On appeal, defendant challenges his conviction for one year four months on count 15 based on two arguments: first, that the court erred in admitting two forensic reports and, second, that the court failed to give a unanimity instruction on count 15. Defendant also requests this court strike the $450 drug program fee and the $409.43 booking fee.
We affirm the judgment, subject to remand on the issue of fees and assessments as discussed below. The parties agree the abstract of judgment should be corrected to reflect 236 days of presentence credits.
II
FACTUAL BACKGROUND
During March and April 2005, undercover officers conducted a sting operation called "Save Our Streets," in which the officers executed controlled drug buys at a Riverside apartment complex. Defendant sold rock cocaine to officers on March 8 and 15, 2005, and April 6, 2005. Defendant acted as a lookout during another drug buy on March 16, 2005.

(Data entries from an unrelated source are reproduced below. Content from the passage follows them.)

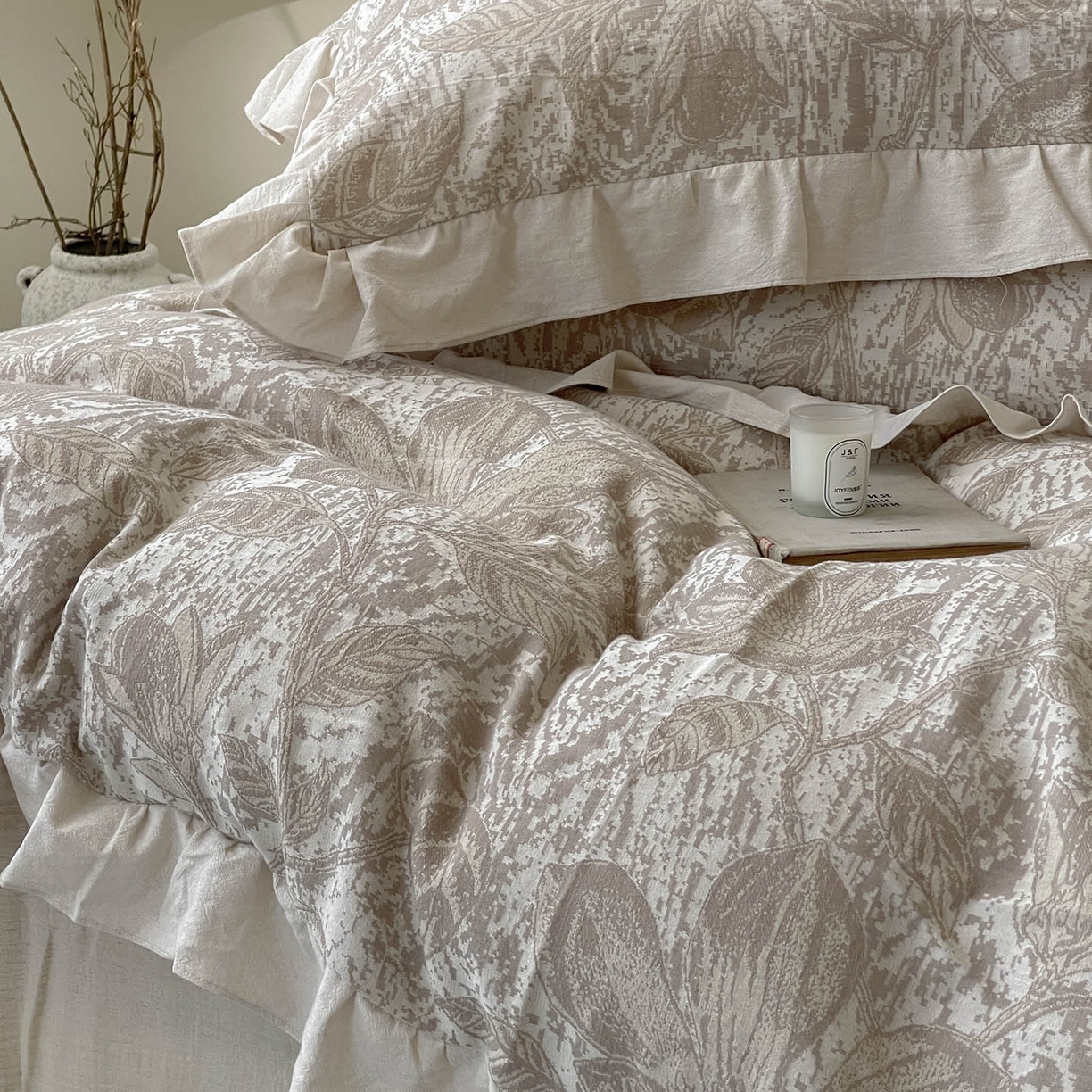 91家纺网 家纺一手货源 找家纺 法式提花棉麻四件套纯棉全棉复古风花边素色亚麻高端超柔透气高档床上用品 苏莉-棕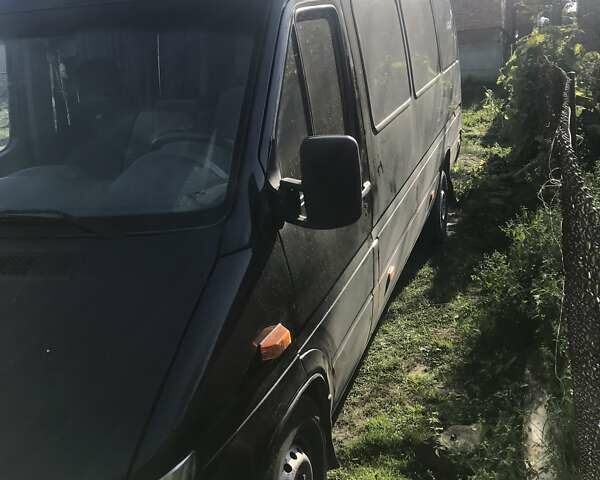Черный Мерседес Sprinter, объемом двигателя 2.7 л и пробегом 100 тыс. км за 10300 $, фото 3 на Automoto.ua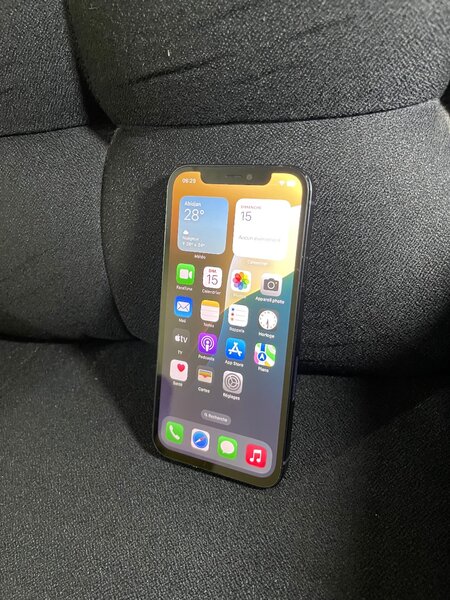 iPhone 12 Bleue Nuit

After each controlled buy, the substances were weighed in the field and tested positive for cocaine base in a usable amount. Javed Khan (Khan), a criminalist at the Department of Justice (DOJ) confirmed the field test results.
On May 10, 2005, the police executed a search warrant at the apartment complex and found 12 rocks of cocaine weighing 4.7 grams in a nightstand in a detached garage being used as a living space. The police detained defendant at the location.
During a custodial interview, defendant disclosed he was concealing in his buttocks eight rocks of cocaine, weighing 2.9 grams. Defendant's wallet contained $345. A police expert testified defendant possessed the cocaine for sale because of the quantity, the individual rocks, the amount of cash defendant possessed, and the other sales conducted by defendant.
Defendant testified, acknowledging he had sold drugs to help support his mother and his children. He denied any gang involvement and he was not convicted of any gang-related offenses.
III
THE FORENSIC REPORT
In challenging his conviction on count 15, defendant argues the jury heard inadmissible evidence when Khan, the DOJ criminalist, testified about a forensic report, exhibit 49, that he did not prepare, concerning the 12 rocks of cocaine recovered from the nightstand on May 15, 2005. Although Khan testified about the drugs purchased by the undercover officers in March and April 2005, a different analyst, Lynn Melgoza, tested the 12 rocks of cocaine. Khan also did not testify about exhibit 50—the forensic report about the eight rocks of cocaine recovered from defendant's person when he was arrested—which the court nevertheless admitted into evidence. We conclude any error in admitting the two forensic reports that Kahn did not prepare was harmless beyond a reasonable doubt. (People v. Loy (2011) 52 Cal.4th 46, 69-70.)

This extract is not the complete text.